I've tried 3 completely different approaches to patching frama-c for OCaml 4's Hashtbl changes.  All 3 segfaulted in the same way.  I figured out where the segfaulting statement is and inserted some debug statements, to show the key (a string) and the value (a list of Parameters, containing the strings that are printed).  The segfault occurs while the security slicing plugin is assembling its command-line arguments.  In fact, it's on the very last one:

Hashtbl.replace "" -> -slice-force -slice-print -slicing-exported-project-postfix -slicing-project-name -slicing-keep-annotations -slice-undef-functions -slicing-level -slice-callers -slice-value -slice-wr -slice-rd -slice-pragma -slice-loop-var -slice-loop-inv -slice-assert -slice-threat -slice-return -slice-calls
Segmentation fault (core dumped)

where the bytecode version survives that call and goes on to work on the aorai plugin:

Hashtbl.replace "Output Messages" -> -aorai-verbose
Hashtbl.replace "Output Messages" -> -aorai-debug -aorai-verbose
...

(Yes, that's an empty string as the key in the faulting call.)  The code repeatedly looks up the list associated with a key, adds a new Parameter object to the front of the list, then calls Hashtbl.replace with the key and the modified list.  The faulting call passes the longest list of any passed to this call (18 elements); I can't imagine why that would matter, but thought I ought to mention it.

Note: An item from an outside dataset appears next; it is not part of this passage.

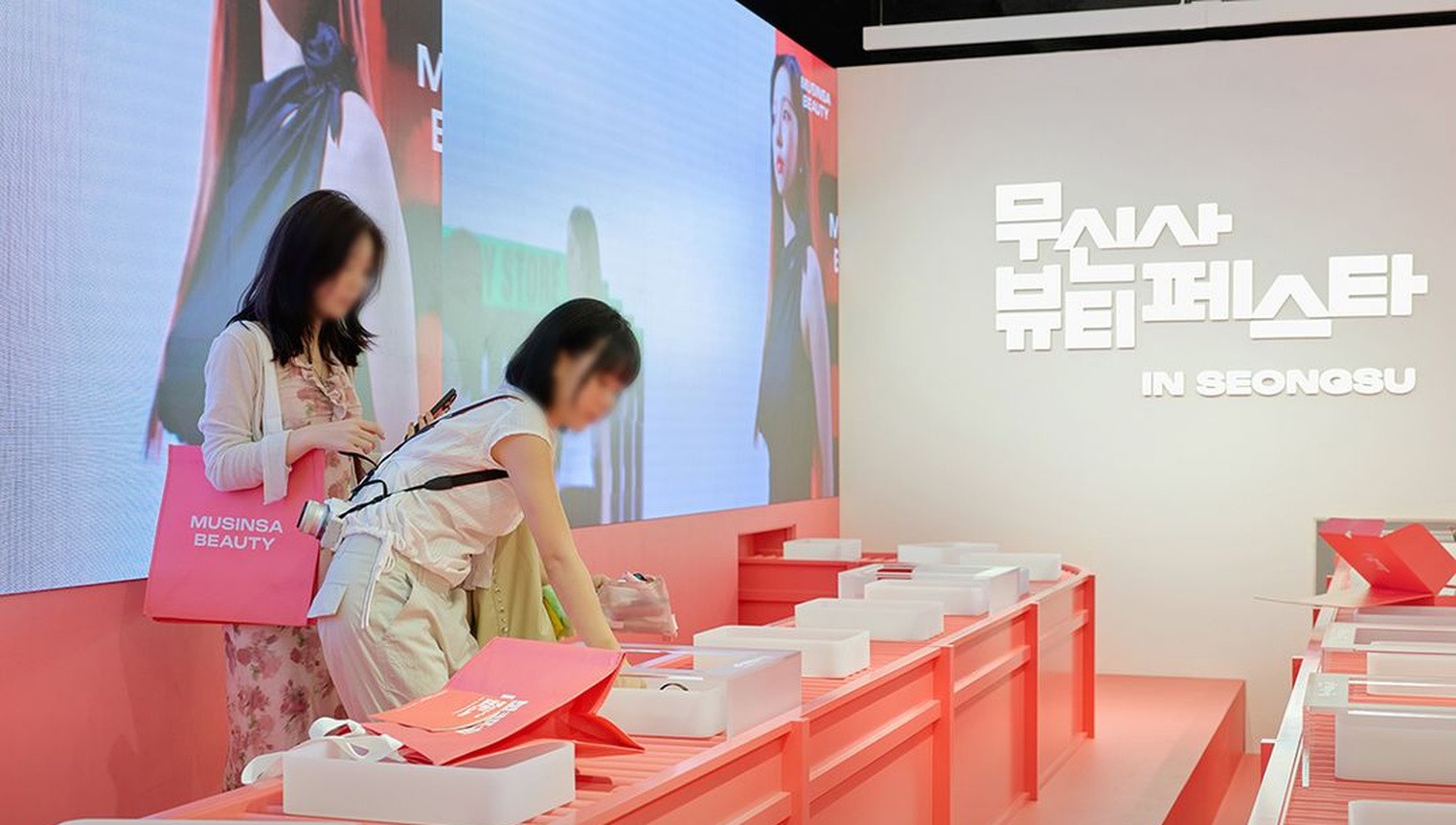 Visitors browsing brand tables inside the Musinsa Beauty Festa hall in Seongsu.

I'm open to any suggestions for how to debug this further.

Comment 4 Jerry James 2012-09-11 20:22:20 UTC
Hey, GDB can read the debug output from OCaml 4.00.0!  Wow, that made debugging this a *whole* lot easier!  I wish I'd known that sooner.  Are there any plans to migrate Fedora ocaml packages over to producing debuginfo packages?  It's not like GDB is fully functional with OCaml sources, but it can do some basic stuff like displaying a stacktrace.

This turns out to be a frama-c bug after all.  There is code in src/type/type.ml that computes a hash value thusly:

          let tag = Obj.tag x in
          if tag = 0 then
            0
          else if tag = Obj.closure_tag then
            (* assumes that the first word of a closure does not change in
               any way (even by Gc.compact invokation). *)
            Obj.magic (Obj.field x 0)
          else
            Hashtbl.hash x

The part that operates on the closure is leading to this segfault, although I still don't know exactly why.  But if I comment out that part, frama-c runs instead of crashing on startup.  I have sent email to upstream about this.

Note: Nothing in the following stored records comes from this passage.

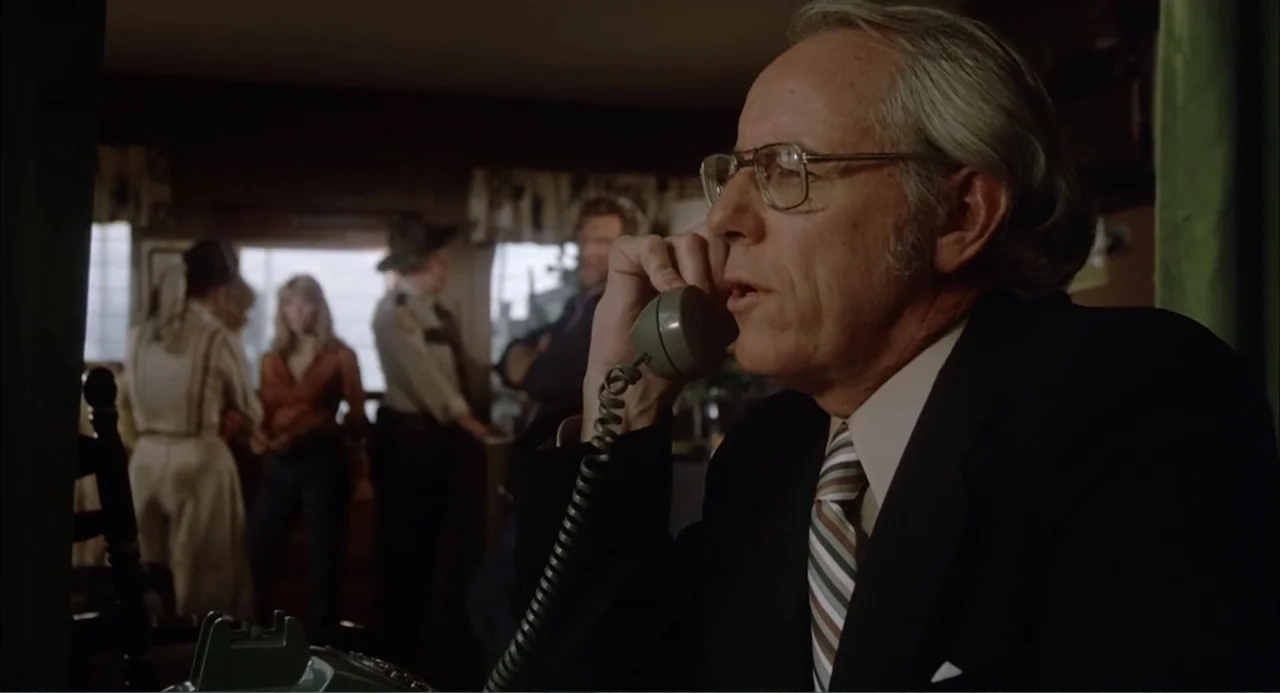 Empire of the Ants (1977) movie still: medium — A dimly lit professional office with wood-paneled walls and several people standing in back. An…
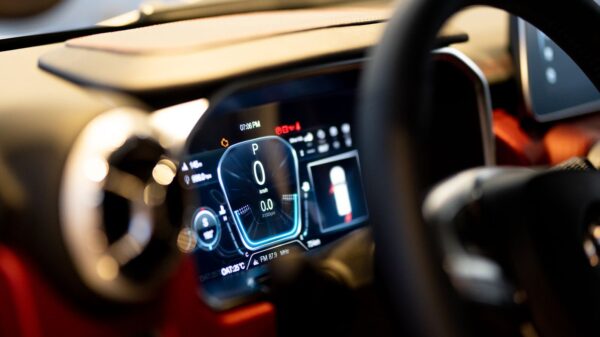 Close-up of illuminated car dashboard interior showing digital displays in Dubai showroom.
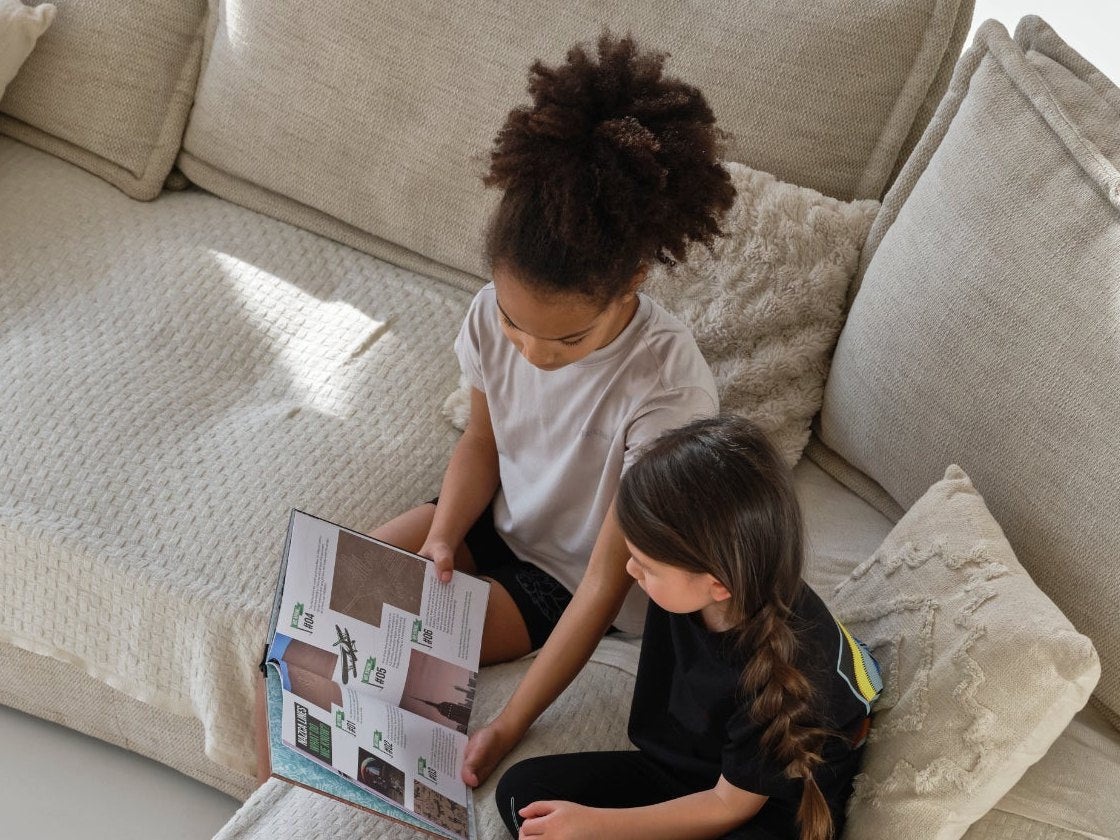Two girls on a big cream sofa, reading an Enlightened Generation book together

Comment 5 Richard W.M. Jones 2012-09-11 20:39:40 UTC
(In reply to comment #4)
> Hey, GDB can read the debug output from OCaml 4.00.0!  Wow, that made
> debugging this a *whole* lot easier!  I wish I'd known that sooner.  Are
> there any plans to migrate Fedora ocaml packages over to producing debuginfo
> packages?  It's not like GDB is fully functional with OCaml sources, but it
> can do some basic stuff like displaying a stacktrace.

Yup, we should enable debuginfo.  However last time I looked,
the RPM macros wouldn't believe that '*.ml' was a source file
(and I didn't look any deeper -- possibly a simple change).

Comment 6 Jerry James 2012-10-10 16:45:39 UTC
Upstream confirmed that commenting out the offending code is correct.  Fixed in Rawhide and F-18.